This is a quick review of free tools for web analytics / stats-analysis / weblog analysis. I’ll follow up with some more detailed posts about non-web tracking. Follow-up posts will extend this into game development, but this post is purely about web stuff.
Where to start with analysing data?
Analysis of data about what your consumers are doing is invaluable to any company looking to optimize their sales and profitability, especially so for online games. But today (2008) there is little or nothing in the way of credible products for doing analysis suitable for games. Many companies have built proprietary systems, with all the costs and horros that come with that. But that’s way out of the reach of startups and games studios.
So, where can we start? Well, website analysis is a mass-market use for these tools which has a lot in common, so there should be a good range of free software, and open-source stuff too.
Free webstats: Historical Perspective
(not *just* boring history :) – this briefly explains something fundamental about the different types and complexities of stats analysis tools that will be useful background knowledge for future posts)
A little over ten years ago, when I was still a student, and didn’t want to spend money on anything if I didn’t have to, I wrote my own web log analyser, that would run over my Apache and/or IIS logfiles and tell me lots of fascinating things about who was visiting my web site.
There were commercial alternatives at the time, varying from cheap ($50-$150) that lacked basic features I quickly wrote for myself, to expensive ($500-$1000) that had everything I could ever want and a lot more. I soon gave up maintaining my proprietary software (lack of time, real job – and the assumption that good analyser software would come down in price). I started using the open-source analysers, because they were “almost good enough” for very basic usage, and – in theory – they would improve over time.
The cheap stuff compared to free was mostly better just because it had pretty graphs and convenient user interfaces for “1st order” data. i.e. anything that could be determined merely by looking directly at raw data, e.g.
- total number of visitors
- which countries visitors came from
- sites that linked to yours
The expensive stuff compared to the cheap stuff was mostly better for having “2nd order” data, i.e. things that could only be calculated by looking at raw data BUT ALSO by using some pre-calculated 1st order data, e.g.
- percentage of visitors from each site (requires you to count number of visitors from each site AND ALSO to calculate the total number of visitors who came from any site)
…and also “higher order” data, i.e. things that could only be calculated by using 1st order and/or 2nd order data and combining it in new ways, e.g.
- number of visitors from each site who did NOT also come in from another site (requires you to first generate a list of visitors from each site, then start again from start of the logs checking for each one whether they ALSO came in from a site that was NOT the original one)
Most famously, the most desired piece of higher-order data was “find out where each user is going, the sequence of pages they click through whilst on the site, from the first page they visit to the last page”. None of the free stuff did that, and most of the cheap stuff didn’t do it, or did it very badly.
So … what is free today?
10 years later AWStats is not noticeably better now than it was then, despite being actively maintained.
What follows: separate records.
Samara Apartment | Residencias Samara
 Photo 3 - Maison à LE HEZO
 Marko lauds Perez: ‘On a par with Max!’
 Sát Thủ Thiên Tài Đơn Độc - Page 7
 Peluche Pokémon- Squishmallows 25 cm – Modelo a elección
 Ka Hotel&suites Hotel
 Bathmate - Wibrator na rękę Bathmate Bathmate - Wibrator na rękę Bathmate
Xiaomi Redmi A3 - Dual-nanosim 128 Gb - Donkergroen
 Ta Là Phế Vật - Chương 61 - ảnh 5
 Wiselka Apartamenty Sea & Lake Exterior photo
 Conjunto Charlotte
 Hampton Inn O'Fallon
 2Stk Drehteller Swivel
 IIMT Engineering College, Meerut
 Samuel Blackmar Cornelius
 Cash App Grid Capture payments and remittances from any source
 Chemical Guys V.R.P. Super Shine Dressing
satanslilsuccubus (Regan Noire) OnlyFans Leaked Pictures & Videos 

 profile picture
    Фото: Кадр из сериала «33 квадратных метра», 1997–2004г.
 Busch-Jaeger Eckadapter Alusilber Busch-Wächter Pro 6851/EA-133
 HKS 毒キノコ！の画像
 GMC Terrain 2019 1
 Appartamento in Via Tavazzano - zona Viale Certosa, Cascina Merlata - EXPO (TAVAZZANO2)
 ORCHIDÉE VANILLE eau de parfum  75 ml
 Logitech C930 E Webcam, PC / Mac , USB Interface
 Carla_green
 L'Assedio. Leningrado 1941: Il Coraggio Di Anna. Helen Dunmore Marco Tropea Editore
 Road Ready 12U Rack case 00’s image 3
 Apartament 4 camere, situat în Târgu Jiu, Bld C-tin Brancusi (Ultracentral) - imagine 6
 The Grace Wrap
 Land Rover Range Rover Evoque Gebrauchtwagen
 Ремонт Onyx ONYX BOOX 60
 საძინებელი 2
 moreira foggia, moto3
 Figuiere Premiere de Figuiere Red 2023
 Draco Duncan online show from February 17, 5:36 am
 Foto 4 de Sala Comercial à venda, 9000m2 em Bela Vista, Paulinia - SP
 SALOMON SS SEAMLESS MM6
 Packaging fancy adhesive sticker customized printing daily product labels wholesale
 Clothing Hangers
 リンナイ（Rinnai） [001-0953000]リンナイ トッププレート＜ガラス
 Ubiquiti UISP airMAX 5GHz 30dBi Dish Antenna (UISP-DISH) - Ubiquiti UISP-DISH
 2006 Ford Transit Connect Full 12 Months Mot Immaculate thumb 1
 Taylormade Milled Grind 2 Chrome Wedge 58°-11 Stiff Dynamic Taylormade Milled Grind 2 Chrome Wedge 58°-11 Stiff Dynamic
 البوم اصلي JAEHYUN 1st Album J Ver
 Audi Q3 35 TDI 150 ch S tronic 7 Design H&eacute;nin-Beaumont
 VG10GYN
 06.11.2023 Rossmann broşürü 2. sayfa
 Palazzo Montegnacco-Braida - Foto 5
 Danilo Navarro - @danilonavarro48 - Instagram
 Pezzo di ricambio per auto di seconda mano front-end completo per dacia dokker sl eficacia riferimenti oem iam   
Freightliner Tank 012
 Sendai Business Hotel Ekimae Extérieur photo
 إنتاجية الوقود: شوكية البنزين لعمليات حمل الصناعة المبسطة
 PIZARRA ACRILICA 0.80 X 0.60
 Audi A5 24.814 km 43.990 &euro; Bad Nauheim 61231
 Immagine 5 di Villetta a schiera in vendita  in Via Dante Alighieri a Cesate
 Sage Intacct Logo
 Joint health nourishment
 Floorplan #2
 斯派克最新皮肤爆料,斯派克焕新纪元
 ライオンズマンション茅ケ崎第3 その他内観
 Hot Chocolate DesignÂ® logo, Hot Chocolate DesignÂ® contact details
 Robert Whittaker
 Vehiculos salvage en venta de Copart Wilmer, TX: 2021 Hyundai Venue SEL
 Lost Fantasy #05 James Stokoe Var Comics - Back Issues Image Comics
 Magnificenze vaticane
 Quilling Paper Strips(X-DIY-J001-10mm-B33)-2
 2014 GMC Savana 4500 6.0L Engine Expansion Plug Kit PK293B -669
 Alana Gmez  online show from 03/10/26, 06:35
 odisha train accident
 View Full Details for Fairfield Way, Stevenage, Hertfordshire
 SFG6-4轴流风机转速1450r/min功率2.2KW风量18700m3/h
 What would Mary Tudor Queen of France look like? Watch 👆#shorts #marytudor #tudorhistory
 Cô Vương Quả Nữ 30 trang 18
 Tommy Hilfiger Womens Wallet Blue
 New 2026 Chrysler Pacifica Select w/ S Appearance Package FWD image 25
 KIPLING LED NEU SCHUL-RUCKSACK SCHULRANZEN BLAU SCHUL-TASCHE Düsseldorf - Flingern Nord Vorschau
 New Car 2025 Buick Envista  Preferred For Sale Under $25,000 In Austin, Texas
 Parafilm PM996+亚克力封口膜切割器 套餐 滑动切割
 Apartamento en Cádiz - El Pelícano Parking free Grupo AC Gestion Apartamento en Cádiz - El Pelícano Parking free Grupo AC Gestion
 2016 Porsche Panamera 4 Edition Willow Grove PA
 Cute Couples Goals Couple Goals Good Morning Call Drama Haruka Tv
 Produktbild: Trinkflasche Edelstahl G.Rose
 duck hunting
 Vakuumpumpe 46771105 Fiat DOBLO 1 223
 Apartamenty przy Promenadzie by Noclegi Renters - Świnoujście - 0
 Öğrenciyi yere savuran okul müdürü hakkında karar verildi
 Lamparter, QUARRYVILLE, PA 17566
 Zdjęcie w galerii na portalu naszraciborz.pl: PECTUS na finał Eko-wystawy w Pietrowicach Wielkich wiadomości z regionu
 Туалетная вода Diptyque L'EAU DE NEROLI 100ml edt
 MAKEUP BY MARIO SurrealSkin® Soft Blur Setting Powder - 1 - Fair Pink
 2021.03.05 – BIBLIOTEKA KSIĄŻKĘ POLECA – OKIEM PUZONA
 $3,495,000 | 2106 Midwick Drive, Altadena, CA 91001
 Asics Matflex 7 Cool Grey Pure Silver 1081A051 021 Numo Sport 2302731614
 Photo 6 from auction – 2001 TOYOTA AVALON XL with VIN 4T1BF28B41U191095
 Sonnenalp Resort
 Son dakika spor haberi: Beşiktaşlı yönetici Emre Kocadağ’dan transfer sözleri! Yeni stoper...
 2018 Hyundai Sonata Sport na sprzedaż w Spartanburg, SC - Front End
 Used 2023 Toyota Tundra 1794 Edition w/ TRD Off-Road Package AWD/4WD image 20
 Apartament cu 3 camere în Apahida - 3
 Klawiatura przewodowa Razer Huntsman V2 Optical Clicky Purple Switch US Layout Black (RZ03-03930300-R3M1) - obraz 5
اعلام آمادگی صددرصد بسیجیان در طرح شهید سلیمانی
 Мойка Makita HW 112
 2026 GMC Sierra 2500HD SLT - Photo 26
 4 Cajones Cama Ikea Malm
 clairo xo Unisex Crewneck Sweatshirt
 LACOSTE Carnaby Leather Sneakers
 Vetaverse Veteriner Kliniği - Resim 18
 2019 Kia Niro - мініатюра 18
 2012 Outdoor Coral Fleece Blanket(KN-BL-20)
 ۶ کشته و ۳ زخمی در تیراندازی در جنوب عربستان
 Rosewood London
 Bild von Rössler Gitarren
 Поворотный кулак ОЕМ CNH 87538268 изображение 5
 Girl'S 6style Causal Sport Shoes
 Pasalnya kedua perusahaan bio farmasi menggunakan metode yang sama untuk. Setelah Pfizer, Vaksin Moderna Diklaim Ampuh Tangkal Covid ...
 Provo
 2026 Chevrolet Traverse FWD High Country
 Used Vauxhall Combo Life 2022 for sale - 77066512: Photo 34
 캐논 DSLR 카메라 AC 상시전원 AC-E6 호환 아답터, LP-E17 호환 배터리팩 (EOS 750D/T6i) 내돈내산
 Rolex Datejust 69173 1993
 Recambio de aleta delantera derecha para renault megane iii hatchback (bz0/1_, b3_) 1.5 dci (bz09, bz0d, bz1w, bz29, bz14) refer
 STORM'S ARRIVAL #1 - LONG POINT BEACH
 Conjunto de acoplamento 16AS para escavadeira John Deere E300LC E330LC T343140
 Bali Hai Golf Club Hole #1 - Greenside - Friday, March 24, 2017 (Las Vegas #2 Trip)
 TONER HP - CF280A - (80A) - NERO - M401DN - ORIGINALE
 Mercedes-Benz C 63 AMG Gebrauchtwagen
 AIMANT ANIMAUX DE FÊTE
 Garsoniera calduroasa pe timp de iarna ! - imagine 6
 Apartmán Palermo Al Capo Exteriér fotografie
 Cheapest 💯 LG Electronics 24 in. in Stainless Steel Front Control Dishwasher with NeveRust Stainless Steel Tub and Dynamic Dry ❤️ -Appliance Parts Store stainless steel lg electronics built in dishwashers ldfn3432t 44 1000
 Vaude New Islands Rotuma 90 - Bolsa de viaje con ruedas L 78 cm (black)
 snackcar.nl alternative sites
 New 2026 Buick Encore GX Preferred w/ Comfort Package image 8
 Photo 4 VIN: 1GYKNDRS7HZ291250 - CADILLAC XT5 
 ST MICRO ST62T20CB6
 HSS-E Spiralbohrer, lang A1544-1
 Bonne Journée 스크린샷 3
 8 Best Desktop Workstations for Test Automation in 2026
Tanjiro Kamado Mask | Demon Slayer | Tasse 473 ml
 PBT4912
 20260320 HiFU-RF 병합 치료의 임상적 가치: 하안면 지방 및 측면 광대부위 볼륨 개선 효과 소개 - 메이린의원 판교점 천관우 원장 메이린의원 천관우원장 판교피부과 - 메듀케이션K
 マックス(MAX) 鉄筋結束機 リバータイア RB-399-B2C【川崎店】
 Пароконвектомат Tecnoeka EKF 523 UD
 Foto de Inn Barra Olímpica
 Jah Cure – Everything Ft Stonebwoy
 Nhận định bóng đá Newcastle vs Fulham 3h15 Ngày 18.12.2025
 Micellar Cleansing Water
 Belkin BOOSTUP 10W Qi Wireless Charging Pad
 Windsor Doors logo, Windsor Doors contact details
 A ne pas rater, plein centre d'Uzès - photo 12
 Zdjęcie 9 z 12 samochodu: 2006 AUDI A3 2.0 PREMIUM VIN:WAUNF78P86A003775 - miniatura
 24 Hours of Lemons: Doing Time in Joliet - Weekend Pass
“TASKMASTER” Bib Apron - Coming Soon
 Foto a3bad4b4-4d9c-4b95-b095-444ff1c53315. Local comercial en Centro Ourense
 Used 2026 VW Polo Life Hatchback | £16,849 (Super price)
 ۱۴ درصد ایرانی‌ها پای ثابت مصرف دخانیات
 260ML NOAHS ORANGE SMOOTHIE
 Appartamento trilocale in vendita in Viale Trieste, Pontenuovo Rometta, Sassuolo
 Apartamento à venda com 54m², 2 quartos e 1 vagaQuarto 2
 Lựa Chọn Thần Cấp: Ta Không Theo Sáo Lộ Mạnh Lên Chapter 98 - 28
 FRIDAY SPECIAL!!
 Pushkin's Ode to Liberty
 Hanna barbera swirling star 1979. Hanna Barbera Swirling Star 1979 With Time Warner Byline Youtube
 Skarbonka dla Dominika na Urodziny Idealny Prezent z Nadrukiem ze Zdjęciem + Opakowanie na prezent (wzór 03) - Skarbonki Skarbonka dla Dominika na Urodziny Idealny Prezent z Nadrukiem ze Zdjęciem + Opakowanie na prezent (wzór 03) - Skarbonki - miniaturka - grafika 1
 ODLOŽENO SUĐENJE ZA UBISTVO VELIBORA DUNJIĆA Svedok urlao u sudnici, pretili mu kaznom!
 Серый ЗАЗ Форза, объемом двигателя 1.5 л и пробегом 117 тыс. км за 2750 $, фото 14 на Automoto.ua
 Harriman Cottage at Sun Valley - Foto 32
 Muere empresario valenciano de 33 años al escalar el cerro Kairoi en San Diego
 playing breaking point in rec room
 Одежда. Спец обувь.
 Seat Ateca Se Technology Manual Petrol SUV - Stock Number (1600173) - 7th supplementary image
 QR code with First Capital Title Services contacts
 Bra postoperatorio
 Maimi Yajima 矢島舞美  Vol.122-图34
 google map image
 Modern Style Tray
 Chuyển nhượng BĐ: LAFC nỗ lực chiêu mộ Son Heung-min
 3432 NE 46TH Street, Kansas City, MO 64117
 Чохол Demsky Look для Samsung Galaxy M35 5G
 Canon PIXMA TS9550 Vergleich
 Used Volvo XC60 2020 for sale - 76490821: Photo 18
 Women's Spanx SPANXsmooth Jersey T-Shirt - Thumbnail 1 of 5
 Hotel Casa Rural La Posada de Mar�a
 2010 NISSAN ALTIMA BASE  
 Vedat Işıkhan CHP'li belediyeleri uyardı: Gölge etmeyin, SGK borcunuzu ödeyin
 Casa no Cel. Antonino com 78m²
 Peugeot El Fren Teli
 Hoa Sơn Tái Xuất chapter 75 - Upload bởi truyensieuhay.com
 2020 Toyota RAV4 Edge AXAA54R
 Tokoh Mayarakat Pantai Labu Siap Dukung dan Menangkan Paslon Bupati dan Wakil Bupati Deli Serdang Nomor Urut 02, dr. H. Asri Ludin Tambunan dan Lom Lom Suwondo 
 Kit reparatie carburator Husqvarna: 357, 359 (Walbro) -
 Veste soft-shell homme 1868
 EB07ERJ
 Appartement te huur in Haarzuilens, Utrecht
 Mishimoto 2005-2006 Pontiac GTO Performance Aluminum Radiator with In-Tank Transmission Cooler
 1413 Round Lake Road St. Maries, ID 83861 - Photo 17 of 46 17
It’s picked up some – IMHO – relatively frivolous features and still hasn’t gained the most basic of analysis features from the commercial products of 10 years ago: it still can’t/won’t track for you the progress of a user through the site.
Analog and Webalizer, the two other free analysers I tried around the time I stopped doing my own, both of which were vastly inferior even to AWStats, don’t seem to have gone anywhere in that time either (although someone has forked Webalizer to make a slightly improved version)
Has *no-one* been playing with the source of these tools and adding basic features? I know a few sites- like the excellent InternetOfficer page on AWStats – have been adding and sharing basic hacks to vastly improve it, but these really just scratch the surface of what is needed. (if you’re using AWStats and you haven’t added the IO stuff, I highly recommend looking at them and cherrypicking some you like – although it’s a real PITA to add more than one hack because of the stupid config system used by AWStats – you have to remember to manually increment a unique ID for each module you add. ARGH!)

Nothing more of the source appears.